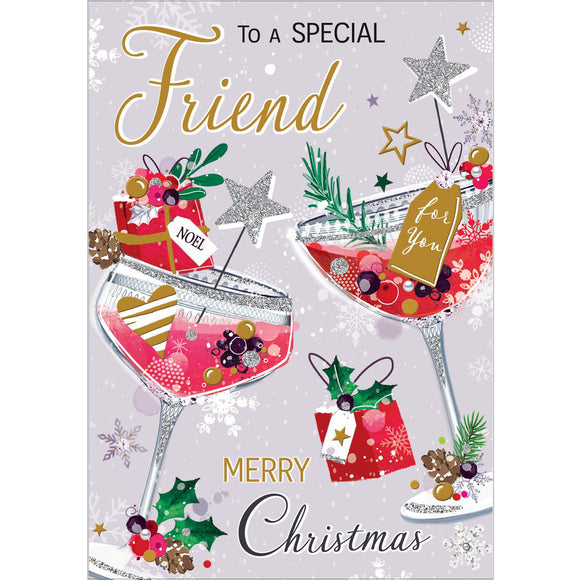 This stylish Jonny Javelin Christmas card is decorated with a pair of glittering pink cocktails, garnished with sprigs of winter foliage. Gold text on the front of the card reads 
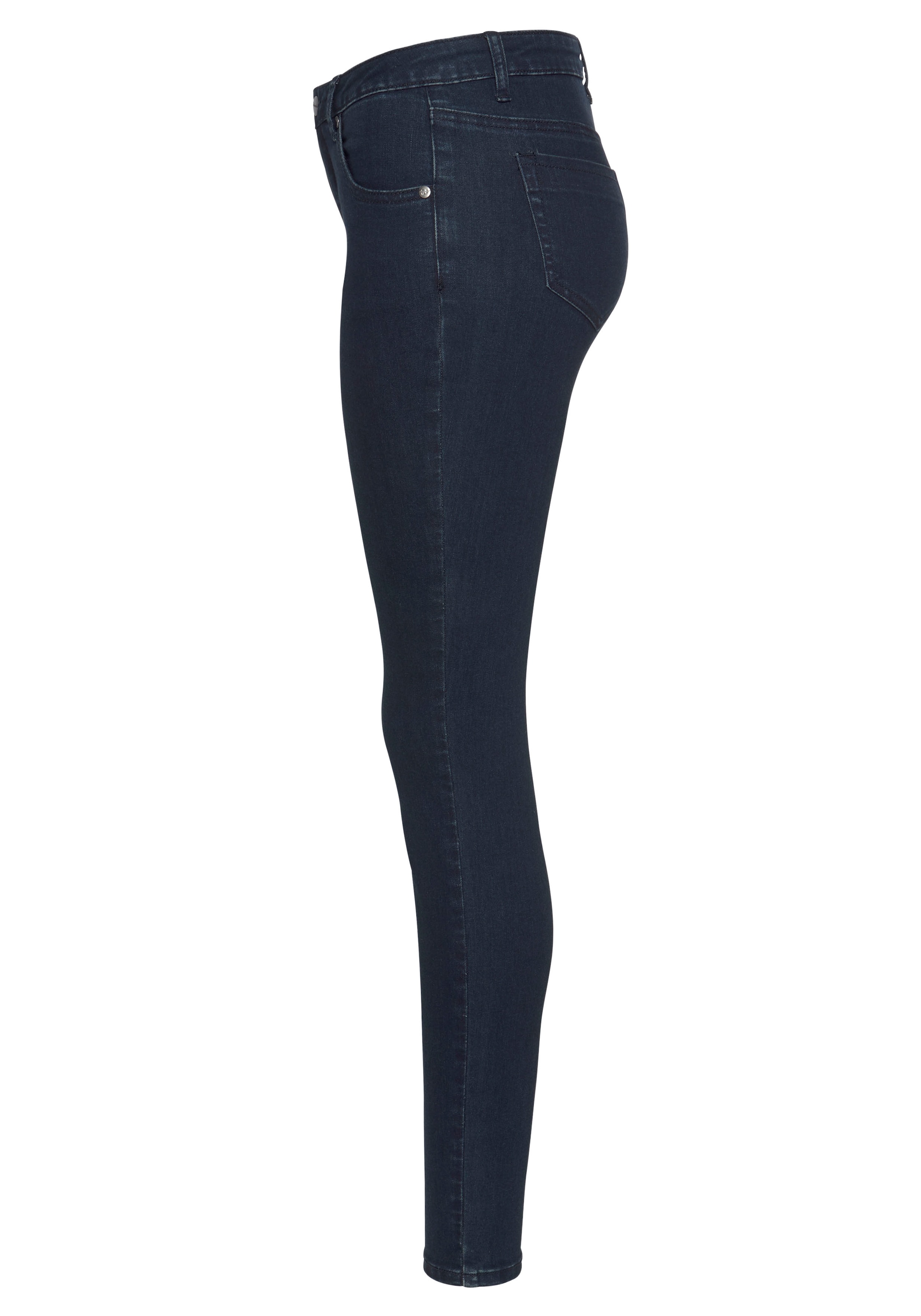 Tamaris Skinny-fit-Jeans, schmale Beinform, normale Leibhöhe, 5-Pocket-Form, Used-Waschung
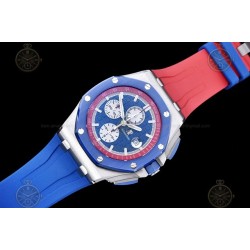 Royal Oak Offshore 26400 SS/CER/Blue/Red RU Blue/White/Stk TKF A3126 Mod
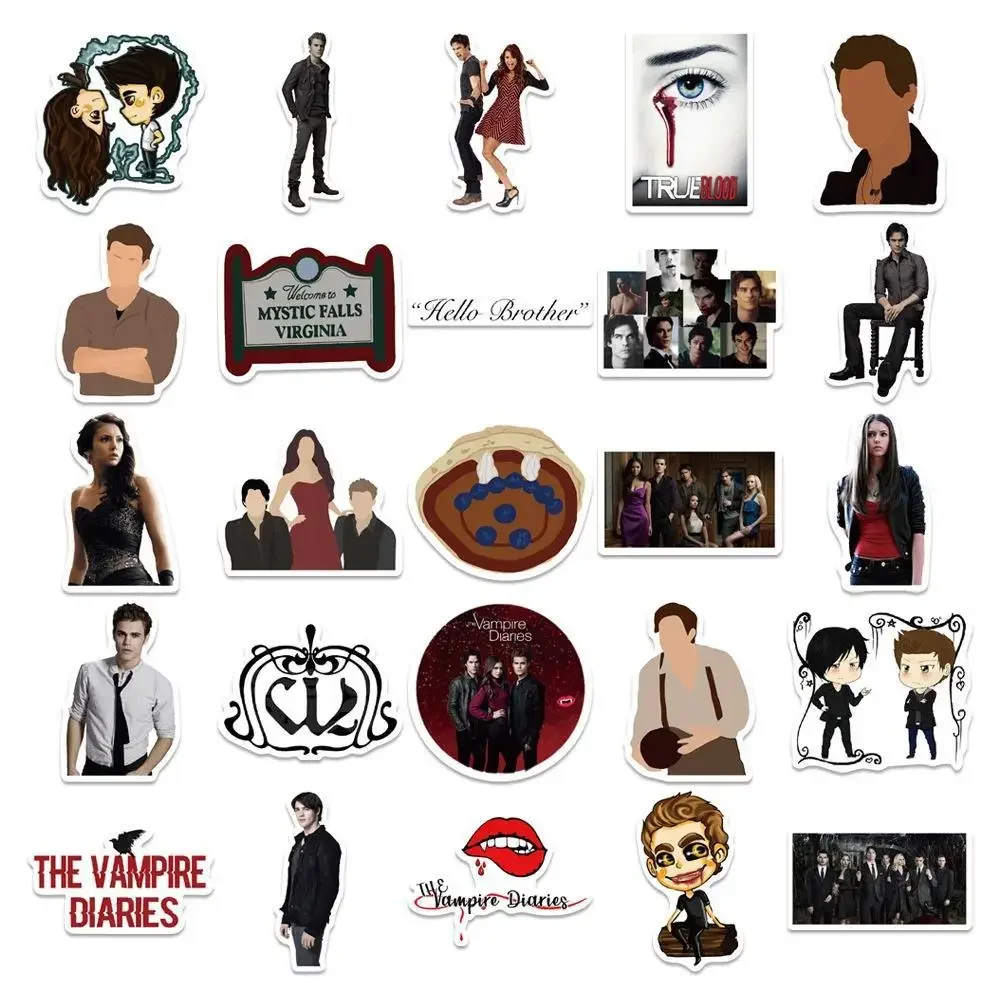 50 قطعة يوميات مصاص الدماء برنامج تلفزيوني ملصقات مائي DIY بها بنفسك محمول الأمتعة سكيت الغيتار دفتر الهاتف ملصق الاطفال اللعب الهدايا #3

______________________________

REQUIRED ACTION -
Keeping every word as it is, write out all the data and omit the pictures.

WRITTEN SOLUTION -
 This stylish Jonny Javelin Christmas card is decorated with a pair of glittering pink cocktails, garnished with sprigs of winter foliage. Gold text on the front of the card reads 
 Tamaris Skinny-fit-Jeans, schmale Beinform, normale Leibhöhe, 5-Pocket-Form, Used-Waschung
 Royal Oak Offshore 26400 SS/CER/Blue/Red RU Blue/White/Stk TKF A3126 Mod
 50 قطعة يوميات مصاص الدماء برنامج تلفزيوني ملصقات مائي DIY بها بنفسك محمول الأمتعة سكيت الغيتار دفتر الهاتف ملصق الاطفال اللعب الهدايا #3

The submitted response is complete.